Bug 681617

Summary: Incomplete replication leaves state in dse.ldif
Product: [Retired] 389 Reporter: Martin Poole <mpoole>
Component: Directory ServerAssignee: Rich Megginson <rmeggins>
Status: CLOSED NOTABUG QA Contact: Chandrasekar Kannan <ckannan>
Severity: unspecified Docs Contact:
Priority: medium    
Version: 1.2.8CC: benl, ckannan, nhosoi, nkinder, rmeggins
Target Milestone: ---   
Target Release: ---   
Hardware: Unspecified   
OS: Unspecified   
Whiteboard:
Fixed In Version: Doc Type: Bug Fix
Doc Text:
Story Points: ---
Clone Of: Environment:
Last Closed: 2012-11-08 17:33:12 UTC Type: ---
Regression: --- Mount Type: ---
Documentation: --- CRM:
Verified Versions: Category: ---
oVirt Team: --- RHEL 7.3 requirements from Atomic Host:
Cloudforms Team: --- Target Upstream Version:
Bug Depends On:    
Bug Blocks: 512820, 690319    

Description Martin Poole 2011-03-02 18:29:02 UTC
Description of problem:

A replication initialisation which did not complete left an attribute in the agreement which confused the server on subsequent startups.

The replication agreement in the dse.ldif contains

nsds5BeginReplicaRefresh: start

and on startup ...


[01/Mar/2011:15:25:41 +0000] - Config Warning: - nsslapd-maxdescriptors: invalid value "8192", maximum file descriptors must range from 1 to 1024 (the current process limit).  Server will use a setting of 1024.
[01/Mar/2011:15:25:42 +0000] - Red Hat-Directory/8.2.4 B2011.028.1837 starting up
[01/Mar/2011:15:25:43 +0000] - slapd started.  Listening on All Interfaces port 389 for LDAP requests
[01/Mar/2011:15:25:43 +0000] - Listening on All Interfaces port 636 for LDAPS requests
[01/Mar/2011:15:30:06 +0000] NSMMReplicationPlugin - Total update aborted: Replication agreement for "agmt="cn=Rep2dir01" (dir01:389)" can not be updated while the replica is disabled

Comment 1 Martin Kosek 2012-01-04 13:28:03 UTC
Upstream ticket:
https://fedorahosted.org/389/ticket/63

Comment 2 Noriko Hosoi 2012-10-15 23:02:32 UTC
I cannot reproduce the problem...

To stop the consumer initialization, usually, "nsds5beginreplicarefresh: cancel" is set to the agreement. The attribute value is left in the agreement, but it does not do any harm.

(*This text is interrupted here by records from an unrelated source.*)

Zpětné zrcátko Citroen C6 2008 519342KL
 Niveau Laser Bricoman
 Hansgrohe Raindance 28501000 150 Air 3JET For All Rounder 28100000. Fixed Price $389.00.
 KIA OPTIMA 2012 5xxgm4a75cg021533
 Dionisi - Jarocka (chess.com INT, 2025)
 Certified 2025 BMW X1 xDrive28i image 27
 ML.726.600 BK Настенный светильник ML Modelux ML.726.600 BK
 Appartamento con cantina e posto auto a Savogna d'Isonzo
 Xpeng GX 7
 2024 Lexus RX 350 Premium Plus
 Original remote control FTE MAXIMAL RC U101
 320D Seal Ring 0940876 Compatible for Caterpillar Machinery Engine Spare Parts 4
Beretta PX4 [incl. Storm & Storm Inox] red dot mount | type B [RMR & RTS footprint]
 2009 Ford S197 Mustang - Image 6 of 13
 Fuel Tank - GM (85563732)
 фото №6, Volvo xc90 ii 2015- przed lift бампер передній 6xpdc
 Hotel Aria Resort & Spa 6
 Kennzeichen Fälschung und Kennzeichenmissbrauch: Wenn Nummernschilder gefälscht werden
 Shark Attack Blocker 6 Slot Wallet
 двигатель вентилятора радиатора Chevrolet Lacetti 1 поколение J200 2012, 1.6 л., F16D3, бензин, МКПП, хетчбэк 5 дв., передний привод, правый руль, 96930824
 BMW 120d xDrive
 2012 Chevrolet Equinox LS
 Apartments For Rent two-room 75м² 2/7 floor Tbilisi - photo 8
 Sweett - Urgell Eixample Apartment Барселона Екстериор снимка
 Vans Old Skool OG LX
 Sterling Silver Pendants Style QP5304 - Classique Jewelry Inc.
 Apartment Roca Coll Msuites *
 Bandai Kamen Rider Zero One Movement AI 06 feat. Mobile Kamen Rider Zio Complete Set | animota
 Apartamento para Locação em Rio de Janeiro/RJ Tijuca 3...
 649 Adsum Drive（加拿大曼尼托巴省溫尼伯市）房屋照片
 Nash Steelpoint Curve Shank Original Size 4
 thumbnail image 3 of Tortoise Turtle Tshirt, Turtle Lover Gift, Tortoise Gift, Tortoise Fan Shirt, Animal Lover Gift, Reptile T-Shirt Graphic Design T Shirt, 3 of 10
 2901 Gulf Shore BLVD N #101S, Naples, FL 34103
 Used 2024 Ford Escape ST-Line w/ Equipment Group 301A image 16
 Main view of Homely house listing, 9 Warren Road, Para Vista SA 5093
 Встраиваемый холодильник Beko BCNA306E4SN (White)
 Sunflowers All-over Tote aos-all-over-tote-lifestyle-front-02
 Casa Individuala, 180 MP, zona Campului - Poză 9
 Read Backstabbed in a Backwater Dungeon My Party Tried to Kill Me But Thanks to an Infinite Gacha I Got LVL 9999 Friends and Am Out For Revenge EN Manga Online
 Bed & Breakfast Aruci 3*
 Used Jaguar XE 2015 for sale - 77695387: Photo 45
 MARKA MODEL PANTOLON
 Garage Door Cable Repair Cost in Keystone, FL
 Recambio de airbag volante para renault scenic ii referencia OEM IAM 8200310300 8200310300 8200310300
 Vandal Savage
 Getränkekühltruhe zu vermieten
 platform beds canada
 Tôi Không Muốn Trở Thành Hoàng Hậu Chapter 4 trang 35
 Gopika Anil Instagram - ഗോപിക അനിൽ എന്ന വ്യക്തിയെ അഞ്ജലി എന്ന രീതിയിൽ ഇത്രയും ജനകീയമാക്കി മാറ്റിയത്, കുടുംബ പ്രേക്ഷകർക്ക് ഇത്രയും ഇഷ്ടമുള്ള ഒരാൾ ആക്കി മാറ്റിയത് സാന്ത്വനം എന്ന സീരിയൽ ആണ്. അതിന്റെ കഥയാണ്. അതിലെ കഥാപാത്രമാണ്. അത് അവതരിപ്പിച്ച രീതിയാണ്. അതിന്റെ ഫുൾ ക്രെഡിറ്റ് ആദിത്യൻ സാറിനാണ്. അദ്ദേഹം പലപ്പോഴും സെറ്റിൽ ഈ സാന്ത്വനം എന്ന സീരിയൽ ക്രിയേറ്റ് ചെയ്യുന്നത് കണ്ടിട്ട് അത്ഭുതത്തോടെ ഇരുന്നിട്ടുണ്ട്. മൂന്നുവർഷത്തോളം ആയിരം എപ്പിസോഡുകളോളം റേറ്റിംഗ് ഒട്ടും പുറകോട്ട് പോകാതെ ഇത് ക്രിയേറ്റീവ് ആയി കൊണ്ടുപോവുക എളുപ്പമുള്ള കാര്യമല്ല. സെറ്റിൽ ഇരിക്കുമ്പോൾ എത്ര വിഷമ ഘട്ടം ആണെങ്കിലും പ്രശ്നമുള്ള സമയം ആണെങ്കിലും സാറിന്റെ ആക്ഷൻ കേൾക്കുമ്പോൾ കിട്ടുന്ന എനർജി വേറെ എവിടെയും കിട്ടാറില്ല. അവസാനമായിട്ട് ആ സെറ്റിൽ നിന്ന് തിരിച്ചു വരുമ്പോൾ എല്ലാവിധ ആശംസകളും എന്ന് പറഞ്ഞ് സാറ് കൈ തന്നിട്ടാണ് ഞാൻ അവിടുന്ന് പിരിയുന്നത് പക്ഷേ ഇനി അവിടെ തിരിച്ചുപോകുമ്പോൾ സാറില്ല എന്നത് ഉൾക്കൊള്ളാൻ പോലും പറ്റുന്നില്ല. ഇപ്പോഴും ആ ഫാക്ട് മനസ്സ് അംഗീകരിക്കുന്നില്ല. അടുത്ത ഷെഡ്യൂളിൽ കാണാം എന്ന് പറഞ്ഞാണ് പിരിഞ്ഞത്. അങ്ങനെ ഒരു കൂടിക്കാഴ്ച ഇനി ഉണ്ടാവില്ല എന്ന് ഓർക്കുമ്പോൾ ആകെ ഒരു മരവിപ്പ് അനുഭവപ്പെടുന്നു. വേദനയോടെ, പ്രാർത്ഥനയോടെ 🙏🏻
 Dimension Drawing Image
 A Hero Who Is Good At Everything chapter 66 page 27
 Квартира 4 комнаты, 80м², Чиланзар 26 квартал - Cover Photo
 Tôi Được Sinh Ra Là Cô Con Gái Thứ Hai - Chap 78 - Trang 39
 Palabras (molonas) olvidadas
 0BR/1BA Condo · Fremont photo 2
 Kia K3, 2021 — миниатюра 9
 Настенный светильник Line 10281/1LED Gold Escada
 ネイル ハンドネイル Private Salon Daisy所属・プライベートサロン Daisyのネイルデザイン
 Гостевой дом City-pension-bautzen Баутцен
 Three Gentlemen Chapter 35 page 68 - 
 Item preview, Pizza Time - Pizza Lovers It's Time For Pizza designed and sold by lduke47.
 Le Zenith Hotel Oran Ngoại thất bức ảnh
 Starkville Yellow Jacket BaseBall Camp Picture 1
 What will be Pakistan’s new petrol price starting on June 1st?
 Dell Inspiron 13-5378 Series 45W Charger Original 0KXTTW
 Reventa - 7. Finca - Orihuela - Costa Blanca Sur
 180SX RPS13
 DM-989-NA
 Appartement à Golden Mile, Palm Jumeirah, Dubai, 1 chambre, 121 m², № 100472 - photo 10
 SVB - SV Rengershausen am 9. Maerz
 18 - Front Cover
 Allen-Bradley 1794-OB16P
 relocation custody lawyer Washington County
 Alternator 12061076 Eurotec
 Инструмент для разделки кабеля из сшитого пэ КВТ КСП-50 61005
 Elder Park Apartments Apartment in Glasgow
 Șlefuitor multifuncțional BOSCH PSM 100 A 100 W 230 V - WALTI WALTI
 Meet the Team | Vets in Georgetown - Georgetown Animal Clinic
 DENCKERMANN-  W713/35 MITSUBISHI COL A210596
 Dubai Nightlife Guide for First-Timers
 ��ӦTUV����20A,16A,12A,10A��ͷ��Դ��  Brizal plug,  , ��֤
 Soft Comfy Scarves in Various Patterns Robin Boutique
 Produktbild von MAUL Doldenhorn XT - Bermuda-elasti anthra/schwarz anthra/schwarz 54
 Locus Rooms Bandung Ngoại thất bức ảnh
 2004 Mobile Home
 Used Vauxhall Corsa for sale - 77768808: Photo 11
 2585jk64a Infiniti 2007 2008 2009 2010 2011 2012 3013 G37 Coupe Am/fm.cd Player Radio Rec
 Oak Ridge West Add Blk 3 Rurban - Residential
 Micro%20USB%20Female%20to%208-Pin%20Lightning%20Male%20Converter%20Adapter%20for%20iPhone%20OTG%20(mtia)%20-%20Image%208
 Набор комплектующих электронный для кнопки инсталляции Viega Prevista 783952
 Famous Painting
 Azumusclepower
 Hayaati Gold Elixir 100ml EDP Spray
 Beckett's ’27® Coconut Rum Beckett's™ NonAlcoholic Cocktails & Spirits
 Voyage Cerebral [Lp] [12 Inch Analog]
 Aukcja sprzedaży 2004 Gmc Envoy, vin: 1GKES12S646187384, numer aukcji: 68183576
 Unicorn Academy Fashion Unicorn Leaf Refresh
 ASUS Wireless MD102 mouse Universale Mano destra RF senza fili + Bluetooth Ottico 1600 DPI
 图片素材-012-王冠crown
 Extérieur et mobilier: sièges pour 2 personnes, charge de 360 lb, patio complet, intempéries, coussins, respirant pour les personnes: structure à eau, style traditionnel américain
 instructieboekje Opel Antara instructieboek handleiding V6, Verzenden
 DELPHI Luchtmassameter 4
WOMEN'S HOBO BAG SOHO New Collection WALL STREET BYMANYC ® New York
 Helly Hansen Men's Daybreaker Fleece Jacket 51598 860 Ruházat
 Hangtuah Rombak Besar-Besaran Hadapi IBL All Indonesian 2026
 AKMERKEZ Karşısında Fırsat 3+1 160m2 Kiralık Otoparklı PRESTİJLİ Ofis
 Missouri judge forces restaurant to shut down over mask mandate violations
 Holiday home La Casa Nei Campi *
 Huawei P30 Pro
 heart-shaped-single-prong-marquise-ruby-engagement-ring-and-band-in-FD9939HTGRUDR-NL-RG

I manually replace "cancel" with "start" and restarted the server. Then, the consumer initialization is automatically restarted and completed.
.. - slapd started. Listening on All Interfaces port 389 for LDAP requests
.. NSMMReplicationPlugin - Beginning total update of replica "agmt="cn=aaa" (hostB:390)".
.. NSMMReplicationPlugin - Finished total update of replica "agmt="cn=aaa" (hostB:390)". Sent 50002 entries.

Could you please tell us how to leave the state in the config file? 
  nsds5BeginReplicaRefresh: start

Comment 3 Rich Megginson 2012-10-15 23:05:28 UTC
(In reply to comment #2)
> I cannot reproduce the problem...
> 
> To stop the consumer initialization, usually, "nsds5beginreplicarefresh:
> cancel" is set to the agreement. The attribute value is left in the
> agreement, but it does not do any harm.
> 
> I manually replace "cancel" with "start" and restarted the server. Then, the
> consumer initialization is automatically restarted and completed.
> .. - slapd started. Listening on All Interfaces port 389 for LDAP requests
> .. NSMMReplicationPlugin - Beginning total update of replica "agmt="cn=aaa"
> (hostB:390)".
> .. NSMMReplicationPlugin - Finished total update of replica "agmt="cn=aaa"
> (hostB:390)". Sent 50002 entries.
> 
> Could you please tell us how to leave the state in the config file? 
>   nsds5BeginReplicaRefresh: start

Note in the original problem:
> [01/Mar/2011:15:30:06 +0000] NSMMReplicationPlugin - Total update aborted: Replication agreement for "agmt="cn=Rep2dir01" (dir01:389)" can not be updated while the replica is disabled

Maybe the consumer has to be in the disabled state?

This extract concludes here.